中国では、温浴施設、クッキングスタジオなど登場
日本での訪日中国人の「コト消費」の事態をみる前に、まず中国での現状をみていきましょう。日本貿易振興機構(JETORO)の2017年9月中国の地域分析レポートによりますと、「コト消費」は「中国では上海市などの沿海部から始まり、最近では内陸部の都市においても多様なジャンルで浸透しつつある。」と指摘しています。
例えば、洋書・日本語書籍やデザイン性の高い雑貨などを豊富にそろえた複合型書店、シネマコンプレックス、フィットネスジム、英会話や音楽などの教室、スケートリンク、工作や陶芸を楽しめる DIY(手作り)エリアに始まり、最近では自分の歌声を録音できる電話ボックス式の 1人カラオケ、日本で温浴施設を運営する極楽湯、料理・菓子作り教室のABC クッキングスタジオ、食に関するワークショップやイベントを開催し、関連書籍や食器、調理器具なども販売する「無印良品」の新たな飲食業態「MUJI Diner(ムジダイナー)」、松竹の「松竹お化け屋本舗」なども登場しているといい、JETOROは、「イベントに参加したり新しい体験を楽しんだりすることには意欲的である。こうした消費志向の変化を受け、中国には新たな業態が登場したが、まだ発展の余地は大きい。」とみています。
たこ焼き作り体験や畳の内装で集客 大阪
一方、日本に目を移すと、中国語圏の人々を呼び込むために地場や地域の強みをいかす取り組みが活発なようです。東京に次いで中国語圏の人々に人気の都市、大阪では着物着付け体験やたこ焼き作り、新世界などの大阪らしい観光名所と連携した集客の試みが始まっています。
例えば、2017年11月22日付の日本経済新聞によりますと、“香港流”のホテル「大阪逸の彩(ひので)ホテル」が大阪・恵美須町に開業したと報じています。屋上庭園からは通天閣を望むことができ、内装は日本の雰囲気を楽しめるように床に畳を採用するほか、大浴場に慣れていない利用者向けに貸し切り温泉を用意。香港で忌み数とされる4、9、13、14を除いた階を18まで表示しているといいます。
南海電気鉄道も高架下に宿泊施設の開業を進めており、今後、大阪の特徴を取り入れた体験型ホテルの開業が相次ぎそうです。東京でも、外国人観光客の夕食後から終電までを意識して、日本の和太鼓を取り入れたエンターテイメントショーなどの試みが始まるなど、日本文化とエンターテイメントの融合が中国語圏の人々が訪れる都市部で一層加速していくとみられます。
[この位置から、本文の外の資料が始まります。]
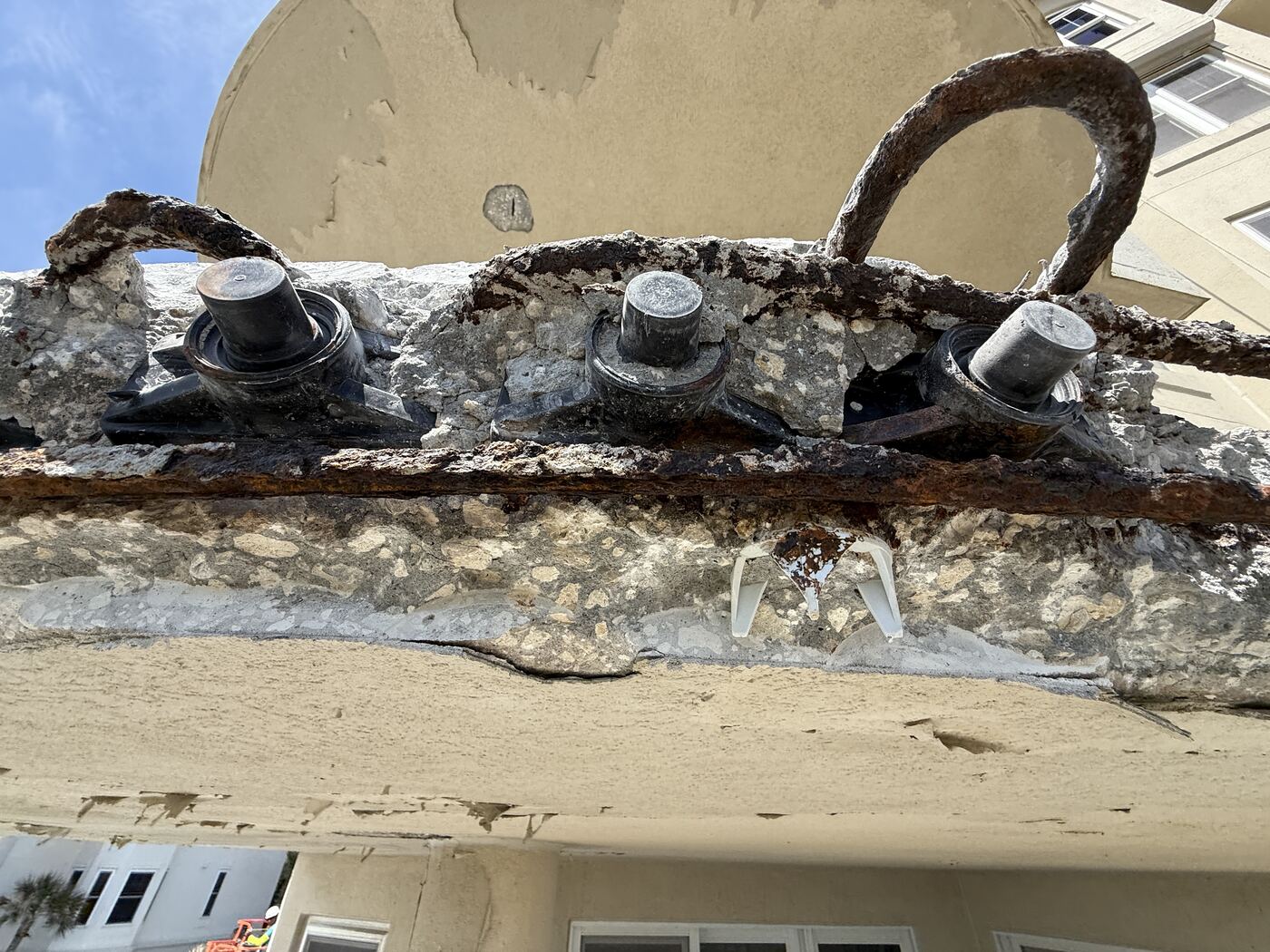 Corroded embedded steel anchor uncovered during balcony restoration at Ocean Place Condominiums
前にもJETOROが買い物→コト消費への中国での消費の変化を指摘しているように、ECの普及・発展とともに日本を訪れる中国語圏の人々の消費も、買い物型から体験型へ移ってきているといえるでしょう。日本や自社の店舗・サービスで中国語圏の人々を“足止め”するためには、日本文化や自社の強み、地域の特性をいかしたエンターテイメント性の高い取り組みが今後一層求められていきそうです。